What do you think scientists would do, with someone like this who was cooperating with them?
They’d study the living hell out of him. They’d wire him up, scan him while he was healing, and try to find some way to explain the phenomenon. Sure, some would be scared off by the reputation issues, but you know, most of them would be more than happy to find a way to stimulate medical cures for unknown diseases. There are, after all, scientists who are religious, too. And honestly, if faith healing worked, it’d probably already be entrenched in a major industry by now.
Maybe the scientists wouldn’t be able to find an explanation by looking at the surface of things… maybe they’d end up with a great big, “I don’t know!”, but if you think they’d ignore the phenomenon, after even one scientist claimed proof (and had creditable findings to back the claim up), you’re not giving science enough credit.
After all, compared to the religious leaders who always have an answer to any question–to the point of concocting elaborately-detailed afterlife-environments mentioned nowhere in their religious scripture–scientists are the only ones who are, very often, willing either explicitly, or implicitly, to say, “Actually, nobody knows.” Science is an endeavour that begins with that as a starting point: that things are knowable, that we don’t know perfectly, but that we can know more. Religion starts with assumptions of a more specific nature: that there are this many gods, or that the universe started this way, or that humans have this and that untapped power. Once you claim such things, you cannot look at the universe to falsify them: if you do, what will you believe then?
The reason science looks “only” at the surface of things is that, in the thousands of years we’ve been working on seeing things in that way, we’ve discovered that there is a lot more surface–a lot more complexity and interestingness–bound up in the physical properties of everything around us, and we’ve consistently found nothing else, and no need for anything else, to explain how the universe appears very consistently to work. Science doesn’t “only” look at the surface, it looks at the only thing we can see without bullshitting ourselves. Anyone who claims to be looking beyond the surface simply cannot make testable or verifiable claims, and could very easily be deluded, lying, or confused.
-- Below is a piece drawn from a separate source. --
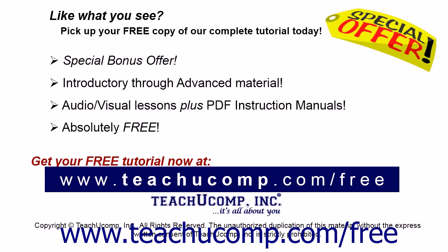Like what you see? Pick up your free copy of the complete tutorial at www.teachyoucomp.com/free.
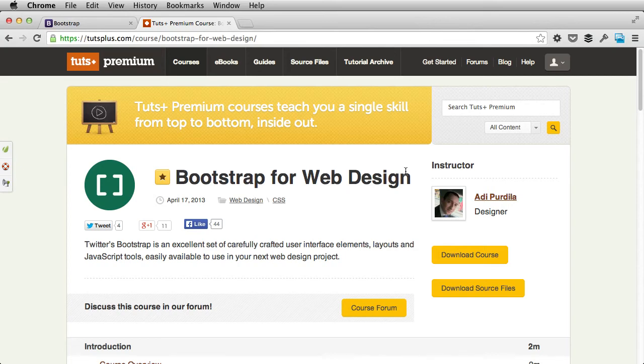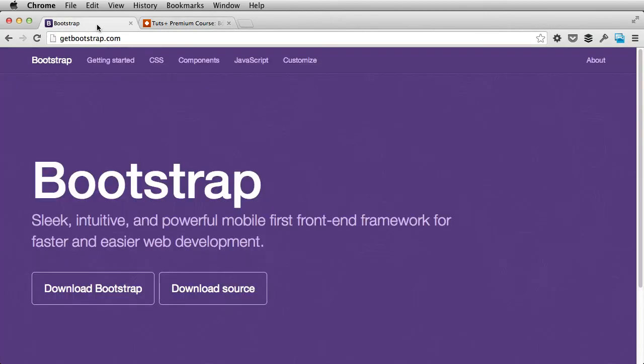Bootstrap 3 is pretty different from the previous version. It has a brand new grid system, it's mobile first, which is awesome because you get a responsive framework by default. And it has lots of smaller changes that make it even more awesome.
“But scientists could be lying or confused, too, right?”
Yes, of course. But while it’s impossible to prove a preacher is lying about the nature of God, though one can claim it. Conversely, it’s very hard for a scientist who is lying about the nature of the universe to escape being disproven… the odds are getting narrower by the day, in science, for cheats and frauds. (Would that politics could be refined in this way.) That’s why, while Korea’s much-reviled Dr. Hwang, who famously faked human cloning, was, of course, finally caught out whilst people carrying out equivalent shams in religious circles are lauded, applauded, and free from the danger of being shown up for what they are: bullshitters. There are no objective standards of evaluation for beliefs, you see. Only popularity ratifies a religious notion. The existence of urban legend debunkery websites testifies to how untrustworthy the public is when it comes to sniffing out bullshit, but what’s frustrating is that this ability is weakened even more by the pressures of the religion-mongering parasites who demand faith and repudiate science publicly.
The resultant cost is immense. But I’m going to have to save that rant for another day.